Carroll v. State

608 S.E.2d 533 | Ga. Ct. App. | 2004

608 S.E.2d 533 (2004)
270 Ga. App. 569

CARROLL
v.
The STATE.

No. A04A2257.

Court of Appeals of Georgia.

November 19, 2004.

Eddie Carroll, Folkston, pro se.

John Durden, District Attorney, for Appellee.

JOHNSON, Presiding Judge.

In January 1991, a jury found Eddie Lee Carroll guilty of possession of cocaine and obstruction of a police officer. Carroll was sentenced to ten years probation on the drug charge, and twelve months probation on the obstruction charge, to be served concurrently. In August 1991, the balance of his probated sentence was revoked because he violated the terms of his probation. He was paroled in 1994, then convicted of a separate drug offense. The prior offenses were used in aggravation of the latest sentence, and the court sentenced Carroll to 30 years in prison.

In April 2004, Carroll moved for an out-of-time appeal, asserting that he received ineffective assistance of trial counsel in 1991 in that his attorney failed to advise him that he had the right to challenge the validity of the search and seizure,[1] and that counsel failed to inform him that he had the right to appeal, to challenge the sufficiency of the evidence on appeal, and to receive a free copy of the trial transcript. Carroll also claimed that the trial court erred in not advising him of his right to appeal, to receive free legal assistance on appeal, and to obtain a free transcript of the proceedings.

At a hearing on the motion, the court asked Carroll, "You say you were not advised of your right to appeal?" Carroll replied, "I don't know." According to the prosecutor, the attorney who represented Carroll at trial (who was not present at the hearing), had told the prosecutor that it was his usual practice to advise clients of their right to appeal, but that defense counsel "[could not] say one way or the other" whether Carroll had been advised of his appeal rights. Carroll informed the court that he filed a habeas corpus petition regarding the 30-year sentence, and that the habeas proceeding was still pending. The trial court denied the motion for an out-of-time appeal.

*534 Carroll filed this pro se appeal from the denial of his motion for an out-of-time appeal. We affirm the judgment of the trial court.

Our courts have long recognized the right to effective assistance of counsel on appeal from a criminal conviction, and have permitted out-of-time appeals if the appellant was denied his right of appeal through counsel's negligence or ignorance, or if the appellant was not adequately informed of his appeal rights. A criminal defendant who has lost his right to appellate review of his conviction due to error of counsel is entitled to an out-of-time appeal. However, a convicted party may, by his own conduct or in concert with his counsel, forfeit his right to appeal by sleeping on his rights.[2] The denial of a motion for an out-of-time appeal is a matter within the discretion of the trial court, and the trial court's decision will not be reversed absent abuse of that discretion.[3]

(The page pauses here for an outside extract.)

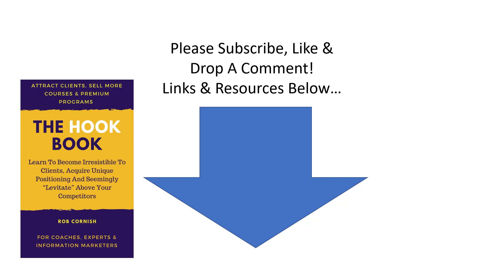There's nothing worse than blending in in your market or being just another coach or just another online course creator. So this is really a toolbox of different techniques that you can use really rapidly to position yourself uniquely and stand out however crowded your market is. So look for the link below for that. You can get it, it is completely free. Thank you for watching and we'll talk soon.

In this case, the record supports a finding that Carroll slept on his rights in pursuit of his motion for an out-of-time appeal. Carroll did not file his motion for an out-of-time appeal for 13 years following his conviction.

While the mere passage of time would not preclude a defendant from pursuing an out-of-time appeal, we find that under the specific facts of this case, including the fact that Carroll pursued other remedies (namely, a habeas corpus proceeding), that the sentences on the 1991 convictions have already been served, and that he testified that he does not know if he was advised of his appeal rights, Carroll has waived this remedy.[4] Under the circumstances, the trial court did not abuse its discretion in denying the motion.[5]

Judgment affirmed.

SMITH, C.J., and PHIPPS, J., concur.

NOTES

[1] We note that defense counsel in the 1991 case did file a motion to suppress evidence challenging the lawfulness of the search and seizure; a transcript of that hearing is included in the appellate record.

[2] Haynes v. State, 227 Ga.App. 64, 65, 488 S.E.2d 119 (1997).

[3] Bryant v. State, 257 Ga.App. 141, 143, 570 S.E.2d 422 (2002).

[4] See Dykes v. State, 266 Ga.App. 635, 636, 597 S.E.2d 468 (2004).

[5] See id.; Bryant, supra at 144, 570 S.E.2d 422.